[Start of section]

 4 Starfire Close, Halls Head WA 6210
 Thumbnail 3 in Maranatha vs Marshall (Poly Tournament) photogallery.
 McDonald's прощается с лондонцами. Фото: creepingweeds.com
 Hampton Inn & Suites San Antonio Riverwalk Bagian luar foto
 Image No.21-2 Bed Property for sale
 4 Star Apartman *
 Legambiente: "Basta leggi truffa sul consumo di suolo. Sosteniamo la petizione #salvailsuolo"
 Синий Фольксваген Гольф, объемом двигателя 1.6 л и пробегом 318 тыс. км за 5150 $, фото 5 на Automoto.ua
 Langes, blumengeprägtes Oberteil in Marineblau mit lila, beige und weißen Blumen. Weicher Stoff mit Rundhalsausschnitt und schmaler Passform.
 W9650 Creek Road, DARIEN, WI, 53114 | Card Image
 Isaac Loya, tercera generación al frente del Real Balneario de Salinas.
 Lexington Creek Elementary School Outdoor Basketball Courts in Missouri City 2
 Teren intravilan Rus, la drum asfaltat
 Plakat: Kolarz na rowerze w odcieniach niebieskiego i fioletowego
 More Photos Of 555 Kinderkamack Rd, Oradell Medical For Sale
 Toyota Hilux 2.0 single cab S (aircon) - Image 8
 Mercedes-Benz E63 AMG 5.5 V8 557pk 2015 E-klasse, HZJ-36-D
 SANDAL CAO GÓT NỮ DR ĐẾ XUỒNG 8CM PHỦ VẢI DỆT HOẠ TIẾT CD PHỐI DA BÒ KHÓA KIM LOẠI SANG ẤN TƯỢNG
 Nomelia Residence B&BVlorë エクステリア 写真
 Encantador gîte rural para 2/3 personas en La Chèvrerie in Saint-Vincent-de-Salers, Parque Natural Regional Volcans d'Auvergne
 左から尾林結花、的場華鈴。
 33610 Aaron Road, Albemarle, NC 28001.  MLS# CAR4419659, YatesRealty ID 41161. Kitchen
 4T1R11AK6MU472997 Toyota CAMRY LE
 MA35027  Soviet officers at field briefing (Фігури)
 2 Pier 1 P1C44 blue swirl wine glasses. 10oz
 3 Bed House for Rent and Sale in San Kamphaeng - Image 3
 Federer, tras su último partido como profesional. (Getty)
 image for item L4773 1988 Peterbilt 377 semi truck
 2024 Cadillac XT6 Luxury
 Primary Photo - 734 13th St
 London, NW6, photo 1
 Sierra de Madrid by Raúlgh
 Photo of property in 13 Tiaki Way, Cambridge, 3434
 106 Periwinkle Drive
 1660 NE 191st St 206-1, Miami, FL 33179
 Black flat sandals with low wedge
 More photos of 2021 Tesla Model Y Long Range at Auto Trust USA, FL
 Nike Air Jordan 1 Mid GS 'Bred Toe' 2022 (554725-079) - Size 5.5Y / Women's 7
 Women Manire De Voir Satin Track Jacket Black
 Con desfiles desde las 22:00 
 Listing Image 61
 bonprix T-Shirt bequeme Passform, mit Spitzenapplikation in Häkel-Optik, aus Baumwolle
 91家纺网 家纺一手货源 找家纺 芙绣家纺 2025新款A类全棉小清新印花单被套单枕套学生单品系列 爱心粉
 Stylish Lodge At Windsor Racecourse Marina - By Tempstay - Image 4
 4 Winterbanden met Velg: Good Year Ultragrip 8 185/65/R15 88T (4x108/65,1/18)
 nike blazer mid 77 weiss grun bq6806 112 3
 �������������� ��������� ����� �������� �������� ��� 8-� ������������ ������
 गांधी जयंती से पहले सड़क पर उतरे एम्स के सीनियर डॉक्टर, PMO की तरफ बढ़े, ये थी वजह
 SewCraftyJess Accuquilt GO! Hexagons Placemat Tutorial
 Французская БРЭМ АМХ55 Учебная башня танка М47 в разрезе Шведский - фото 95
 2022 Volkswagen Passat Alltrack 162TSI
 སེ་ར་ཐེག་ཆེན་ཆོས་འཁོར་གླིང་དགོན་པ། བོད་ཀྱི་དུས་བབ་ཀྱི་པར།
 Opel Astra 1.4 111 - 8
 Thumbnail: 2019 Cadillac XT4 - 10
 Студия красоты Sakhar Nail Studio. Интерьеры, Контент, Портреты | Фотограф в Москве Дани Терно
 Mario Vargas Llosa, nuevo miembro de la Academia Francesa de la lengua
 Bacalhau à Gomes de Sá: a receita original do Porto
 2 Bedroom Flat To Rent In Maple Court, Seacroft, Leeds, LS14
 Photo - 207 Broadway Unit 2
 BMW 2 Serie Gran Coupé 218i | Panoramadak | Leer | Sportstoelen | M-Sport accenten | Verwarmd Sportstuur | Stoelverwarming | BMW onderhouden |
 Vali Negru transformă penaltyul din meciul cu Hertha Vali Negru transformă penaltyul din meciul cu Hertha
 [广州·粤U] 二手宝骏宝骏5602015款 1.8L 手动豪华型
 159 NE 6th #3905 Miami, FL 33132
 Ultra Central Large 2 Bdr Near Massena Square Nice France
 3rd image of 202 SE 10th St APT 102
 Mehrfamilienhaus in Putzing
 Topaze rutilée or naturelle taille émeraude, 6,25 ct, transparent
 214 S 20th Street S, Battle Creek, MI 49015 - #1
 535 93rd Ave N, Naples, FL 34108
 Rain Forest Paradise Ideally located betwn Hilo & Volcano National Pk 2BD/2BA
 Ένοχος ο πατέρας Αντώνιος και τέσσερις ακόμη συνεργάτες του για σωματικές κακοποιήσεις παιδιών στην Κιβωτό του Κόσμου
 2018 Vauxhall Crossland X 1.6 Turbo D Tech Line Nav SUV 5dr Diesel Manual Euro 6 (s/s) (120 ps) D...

[End of section]

Whenever the word "More" shows up in a line of the entries, copy that line.

 More Photos Of 555 Kinderkamack Rd, Oradell Medical For Sale
 More photos of 2021 Tesla Model Y Long Range at Auto Trust USA, FL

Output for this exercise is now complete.